Villanova University’s Center for Advanced Communications (CAC) recently hit an important milestone with a $1.05 million three-year award for research into the use of radar technology to assist the elderly who live alone. This is the Center’s first research track for civilian applications. Submitted to the Qatar National Research Fund under its National Priorities Research Programs (NPRP), the proposal is titled “Advanced Signal Processing and Emerging Sensing Technologies for Assisted Living.” Villanova will partner on this research with Qatar University, a public university in Qatar, a sovereign Arab state bordering Saudi Arabia. Villanova will receive 35% of the funding and Dr. Moeness Amin, CAC Director, will serve as Principal Investigator for the entire project, including the Qatari part. Over the last five years, Dr. Amin has also served as a PI on other international research grants including those from Australia and Canada.
Dr. Amin states, “Given the competitive nature of the Qatar NPRP where proposals are received from all over the world, and given that oil, gas and energy are the specified top research priorities of this program, being selected and awarded for our proposal on radar technology for assisted living is indeed an accomplishment.” Factoring in the cultural, clinical and psychological elements of privacy and safety, as well as issues of size and cost, Dr. Amin’s research will focus on approaches to non-intrusive monitoring for the elderly living independently. His research proposal suggests that using recent advances in sensing technologies to monitor the elderly can help reduce injuries and provide early detection of health declination. Because many human health barometers and markers are related to motion, and motor functional abilities can be detected by sensing apparatuses, even small changes from a predefined baseline can be detected. Changes in respiration, heartbeat or gait can be indicators to serious or potentially life threatening health situations. By monitoring elderly individuals, there is great potential for timely interventions and more effective treatments.

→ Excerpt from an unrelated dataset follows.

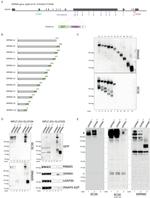 SRRM2 Antibody in Western Blot (WB)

The expertise housed in both universities provides the necessary synergy for this project. Villanova’s knowledge of radar systems and operations, as well as its state of the art Radar Imaging Laboratory facilities, is vital to assess the potential of the employed technology. Providing the core intelligence, Qatar’s strength in signal processing, particularly nonstationary and time-frequency signal analysis, will be responsible for rendering decisions on normal versus abnormal human motion radar profiles.
This project is multidisciplinary in nature. Villanova’s College of Nursing clinical instructor, Kelly P. Nestor, MSN, ANP-BC, will provide valuable information on the challenging scenarios facing the elderly living independently, along with factors such as medications, cognitive impairment behaviors, and queues and markers that might precede a fall. Her involvement will also include assessing the algorithms’ outputs in terms of acceptable detection and false alarm figures. Professor and director of Villanova’s graduate programs in Psychology, Dr. Michael Brown will offer input on the human ethogram and psychological issues regarding privacy and intrusiveness in monitoring the elderly.
The timing of this research project is key, as the old-age dependency ratio, or the ratio of the population aged 65-years or over to the population aged 20-64, is rising in many countries throughout the world. Dr. Amin’s research venture with Qatar University is a promising step in the right direction for earlier intervention and care worldwide for our aging population.